Does 35B Agent Outperform Trillion-Parameter Models? Shanghai AI Lab Open-Sources Agents-A1 to Expand the Horizon

You can be powerful without piling up specs.

Long-Horizon Tasks are one of the most pressing challenges that current AI Agents need to overcome.

In scenarios such as software engineering, scientific research, and complex decision-making, Agents often need to make continuous decisions over long horizons. Any single misstep can have a cascading effect on subsequent tasks. In the past, these capabilities often relied on larger models. Extending the Agent Horizon is another important avenue, but it has been hampered by inadequate infrastructure and the difficulty of unifying heterogeneous capabilities.

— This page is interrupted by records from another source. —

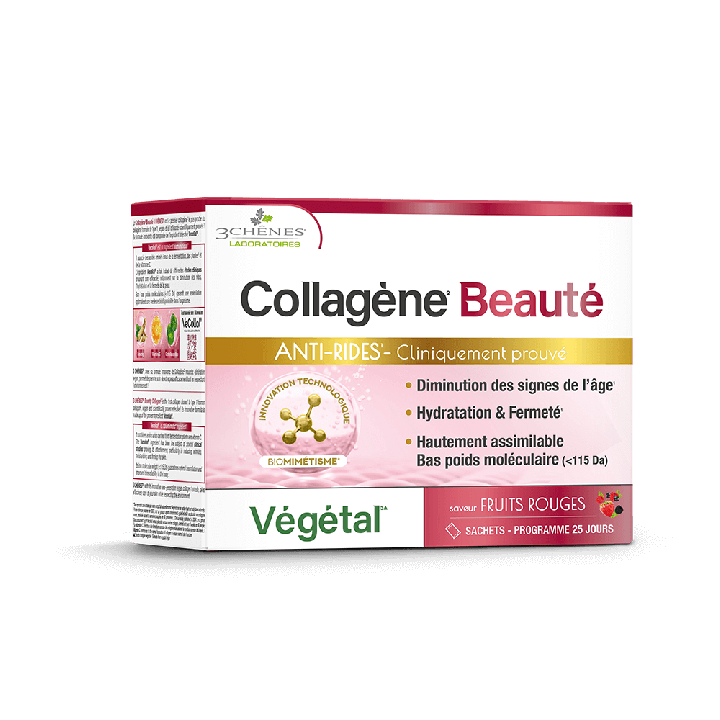 Collag&egrave;ne beaut&eacute; v&eacute;g&eacute;tal Les 3 Ch&ecirc;nes - boite de 25 sachets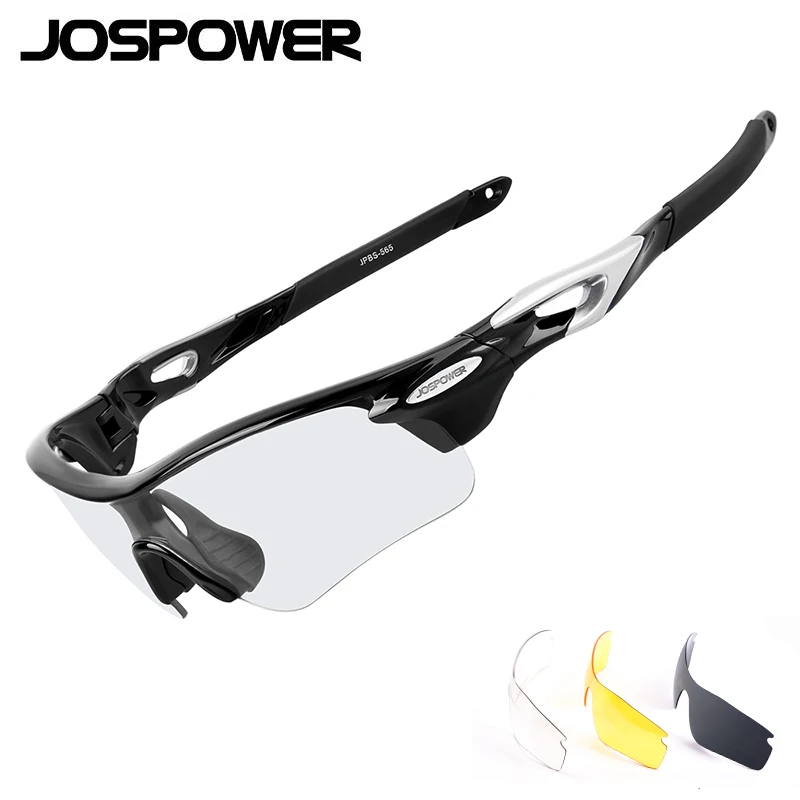 JOSPOWER Photochromic Cycling Glasses Polarized UV400 Sunglasses MTB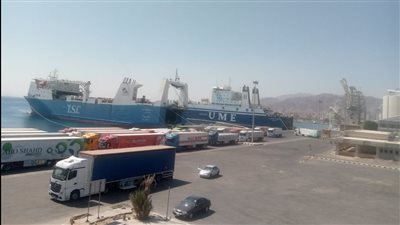 تصدير 45 ألف طن فوسفات عبر ميناء سفاجا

In response to these challenges, the Shanghai AI Lab team has introduced the MoEAgent model, Agents-A1, with 35 billion parameters. Instead of simply increasing the number of parameters, the team aims to achieve long-horizon performance comparable to trillion-parameter models by extending the Agent Horizon with a smaller model.

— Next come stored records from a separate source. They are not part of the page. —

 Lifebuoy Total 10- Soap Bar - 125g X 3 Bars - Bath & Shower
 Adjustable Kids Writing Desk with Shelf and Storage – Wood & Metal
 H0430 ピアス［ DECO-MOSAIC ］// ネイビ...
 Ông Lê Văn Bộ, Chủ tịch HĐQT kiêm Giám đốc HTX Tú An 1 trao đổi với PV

Paper Link: https://arxiv.org/abs/2606.30616

Research results show that Agents-A1 outperforms some trillion-parameter models in tasks such as multi-step search, scientific research, and long-instruction following. It also leads among models of the same 35B scale.

Figure: Benchmark performance of Agents-A1.

However, the research team also noted that Agents-A1 still lags behind cutting-edge large models in engineering tasks.

This research presents a more cost-effective approach to developing powerful AI Agents: teaching them to develop sustainable and proven work habits, rather than simply increasing their parameter scale.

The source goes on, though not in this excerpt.